EUR/USD Pops as Yields Ease; Bulls Eye Highs

EUR/USD – Bulls Regain Momentum Post-CPI, But Critical Resistance Looms

EUR/USD – Bulls Regain Momentum Post-CPI, But Critical Resistance Looms

EUR/USD bulls seized control during Tuesday’s New York session, driven sharply higher by softer-than-anticipated U.S. inflation data. The pair initially opened near 1.1610 and briefly tested intraday lows at 1.1599; however, robust buying interest quickly emerged following the CPI release, propelling EUR/USD to an intraday peak of 1.1698 before settling around 1.1670, marking a 0.48% daily gain.

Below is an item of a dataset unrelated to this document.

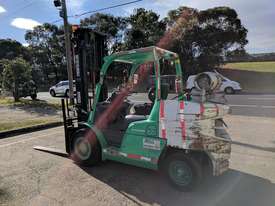 MITSUBISHI FG50N 5T FORKLIFT - picture1' - Click to enlarge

The fundamental catalyst underpinning this bullish momentum was the U.S. July CPI report, which moderated fears of hotter inflation. Year-over-year headline inflation slightly undershot market expectations, printing at 2.7% versus the anticipated 2.8%, while core CPI came in modestly above estimates at 3.1%. This subdued inflation print triggered a decline in U.S. Treasury yields, softened the U.S. dollar broadly, and notably narrowed U.S.-German 2-year yield spreads to their tightest level since April 2025, significantly eroding the dollar’s relative yield advantage.

Correlated market dynamics further reinforced EUR/USD’s upside trajectory. Gold prices rallied, equities strengthened, and USD/CNH weakened, collectively reflecting improved risk sentiment and reduced dollar appeal, which directly benefited the euro.

From a technical perspective, EUR/USD’s bullish daily candle, characterized by a strong intraday reversal from sub-1.1600 levels, underscores resilient buying support. Key daily moving averages—10-, 21-, and 55-DMAs—all remain comfortably below the current price, providing strong short-term dynamic support around the 1.1590–1.1610 area. Momentum indicators further confirm bullish conditions, with both daily and monthly RSI readings trending positively and firmly above neutral thresholds.

Despite these bullish indicators, EUR/USD still faces formidable technical resistance. Tuesday’s intraday peak at 1.1698 aligns closely with early August highs, forming an immediate barrier. More significant resistance resides slightly higher, near the July peak at 1.1735. The pair’s inability to decisively break above these key hurdles would suggest ongoing consolidation rather than a sustained bullish breakout.

On the downside, robust support emerges initially at the 55-day moving average at 1.1592, followed by the critical daily Ichimoku cloud top near 1.1560. A daily close below these key supports would significantly weaken bullish sentiment and could trigger corrective pullbacks toward deeper supports around 1.1500–1.1520.

In conclusion, EUR/USD bulls regained the short-term advantage following Tuesday’s CPI-driven rally. Traders should closely monitor resistance levels at 1.1698–1.1735 for potential bullish breakouts. Failure to clear these hurdles, however, could keep the pair range-bound, emphasizing tactical trading opportunities near support levels, pending clearer directional conviction.